In [9]:
import pandas as pd
import numpy as np
import librosa
import librosa.display
import matplotlib.pyplot as plt

train_df = pd.read_csv('data/train.csv')
train_df['duration'] = train_df['end'] - train_df['start']

In [10]:
def extract_slices(audio_file_path, labeled_segments):
    """
    Extract spectrogram slices from an audio file based on labeled segments.
    
    Parameters:
    - audio_file_path: Path to the audio file.
    - labeled_segments: DataFrame containing start, end times and labels for segments.
    
    Returns:
    - slices_list: List of extracted spectrogram slices.
    - labels_list: List of labels corresponding to the slices.
    """
    y, sr = librosa.load(audio_file_path, sr=None)
    D = librosa.amplitude_to_db(np.abs(librosa.stft(y)), ref=np.max)
    
    slices_list = []
    labels_list = []
    
    for _, row in labeled_segments.iterrows():
        start_time = row['start']
        end_time = row['end']
        start_sample = librosa.time_to_frames(start_time, sr=sr)
        end_sample = librosa.time_to_frames(end_time, sr=sr)
        slice_ = D[:, start_sample:end_sample]
        slices_list.append(slice_)
        labels_list.append(row['class'])
    
    return slices_list, labels_list

# Test the function with one of the training audio files
sample_slices, sample_labels = extract_slices('data/train/nips4b_train001.wav', train_df[train_df['filename'] == 'nips4b_train001.wav'])
len(sample_slices), len(sample_labels)

(21, 21)

In [11]:
import os

# Path to the training audio folder
train_audio_folder = 'data/train/'

all_slices = []
all_labels = []

# Loop through all training audio files in the folder and extract slices
for audio_file in os.listdir(train_audio_folder):
    full_path = os.path.join(train_audio_folder, audio_file)
    filename = audio_file
    labeled_segments = train_df[train_df['filename'] == filename]
    slices, labels = extract_slices(full_path, labeled_segments)
    all_slices.extend(slices)
    all_labels.extend(labels)

len(all_slices), len(all_labels)


(4588, 4588)

In [12]:
# Resize and normalize

from sklearn.preprocessing import LabelEncoder
from sklearn.model_selection import train_test_split

# Determine the shape of the largest slice for resizing
max_length = max(slice_.shape[1] for slice_ in all_slices)
uniform_shape = (all_slices[0].shape[0], max_length)

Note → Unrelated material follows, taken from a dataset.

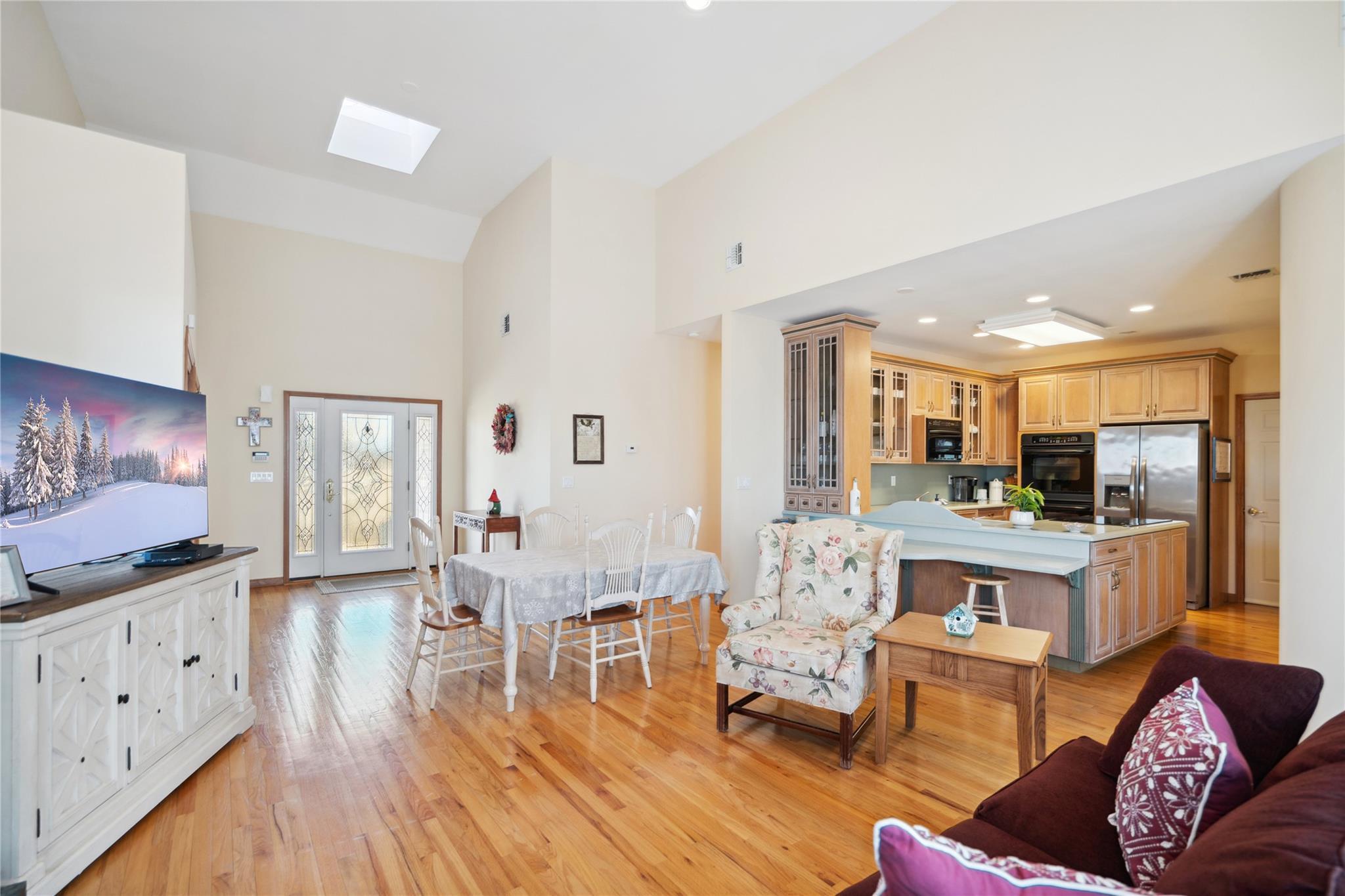 Single Family Marina  Suffolk County, NY 11772, MLS-833348-35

# Resize and normalize slices
prepared_slices = [np.pad(slice_, ((0, 0), (0, max_length - slice_.shape[1])), mode='constant') for slice_ in all_slices]
prepared_slices = [(slice_ - np.min(slice_)) / (np.max(slice_) - np.min(slice_)) for slice_ in prepared_slices]

# Label encoding
label_encoder = LabelEncoder()
encoded_labels = label_encoder.fit_transform(all_labels)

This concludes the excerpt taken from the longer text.